Publié le 8 Septembre 2014

DRAGHI SERAIT IL DEVENU KEYNESIEN ?

Jeudi dernier, la BCE a non seulement annoncé une nouvelle baisse de ses taux directeurs à 0,05%, taux jamais enregistré, mais a aussi affirmé qu’elle allait lancer à partir du mois d’octobre une politique non conventionnelle, celle du rachat de titres adossés à des titres de créances ou asset backed securities, pariant sur le fait que cela permettrait de gonfler les prix des actifs dont l’immobilier ce qui encouragerait à l’achat de tels biens ainsi qu’à la construction de maisons relançant ainsi la croissance économique.

Il n’est plus question dans son discours de politique d’offre, de politique d’ajustements structurels qui selon le dogme ambiant étaient les seules à pouvoir, par l’accroissement de la compétitivité des entreprises qu’elles étaient supposées générer, relancer la croissance.

Cette décision est donc non seulement une première, la BCE se réservant par ailleurs la possibilité dans un second temps d’acheter aussi des emprunts d’Etat sur le marché secondaire, car en contradiction avec le cadre du Traité de Lisbonne qui interdit dans son article 123 le refinancement des Etat par la BCE, article qui avait déjà été mis à mal par l’annonce du programme OMT (Outright Monetary Transactions) en octobre 2012 qui visait à racheter des obligations souveraines sur le marché secondaire mais à la condition que les pays dont on rachèterait les papiers d’Etat aient fait amende honorable et aient demandé officiellement l’aide de la Troïka, programme par rapport auquel la Cour de Karlsruhe a demandé l’avis de la Cour de Justice Européenne quant à sa légalité mais aussi confirme une scission au niveau européen entre l’Europe (la BCE) et l’Allemagne. Par ailleurs, cette décision constitue surtout une révision de l’actuel paradigme prévalant en matière de politique économique ; les politiques de l’offre sembleraient, si n’étant pas directement contestées à tout le moins remises en cause. On serait en train d’assister à un retour des politiques de demande, du keynésianisme.

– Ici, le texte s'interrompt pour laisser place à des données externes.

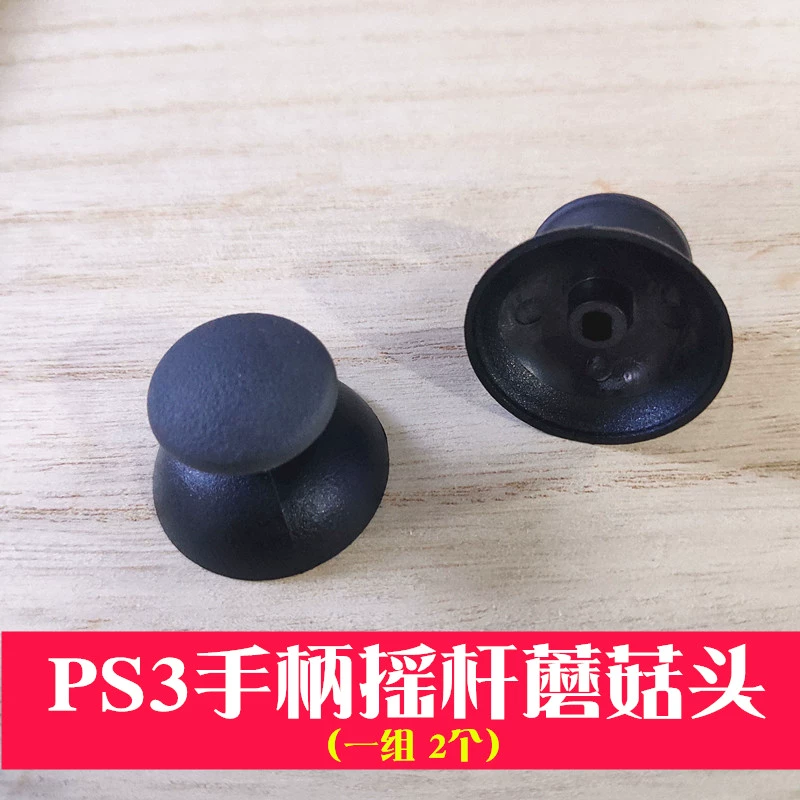 把手手柄机壳改成游戏模式_把手机壳改成游戏手柄_手柄按键改装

Il y a peu de temps une autre personnalité du monde économique Mr Larry Summers faisait aussi état de son inquiétude quant à la stagnation séculaire de l’économie américaine et préconisait des investissements en…infrastructures.

Tout ceci montre que la situation économique est grave et que les économistes ne savent plus à quel saint se vouer. Que le corset dans lequel l’Allemagne et son ordolibéralisme ont essayé de nous enfermer est en train de voler en éclat. Que les politiques de conditionnalité sont remises en question. Le Parlement Européen avait déjà remis les conclusions d’une enquête sévère quant aux pratiques du trio (Commission Européenne, FMI, BCE). Peut être que ce programme de rachat d’ABS et de covered bonds permettra aussi de nettoyer les bilans de bon nombre de banques dont ceux des Landesbank allemandes et ce juste avant la remise du rapport par la BCE de son Asset Quality Review qui était, ô surprise, promis pour le courant de ce même mois d’octobre évitant ainsi à bon nombre de ces institutions financières privées de montrer la réelle laideur de leurs comptes et d’éviter ainsi une recapitalisation. Un troc entre Draghi et Merkel aurait il été négocié ? Tu peux outrepasser le diktat de la Bundesbank et de la Cour Constitutionnelle allemande à condition que tu nettoyes mes écuries d’Augias. Cette politique de quantitative easing entreprise par la BCE est néanmoins favorable ou en tout cas pas défavorable quant à la croissance ou plutôt à l’évitement de la décroissance européenne. Mais elle ne suffira pas. Pour que les banques se remettent à prêter, il leur faut plus que des bilans sains, il leur faut des perspectives d’investissement attrayantes. Or dans le contexte économique actuel on est loin du compte et l’on comprend la réticence des banques à prêter à des entreprises qui ont, à l’exception des plus grands groupes qui se financent de toutes les manières en direct sur les marchés financiers, la corde au cou. Il faudra d’autres politiques non conventionnelles cette fois mises en place, non par la BCE, mais par nos gouvernements et la Commission Européenne pour nous sortir d’affaire mais avant de voir ça, il nous faudra encore souffrir quelques temps.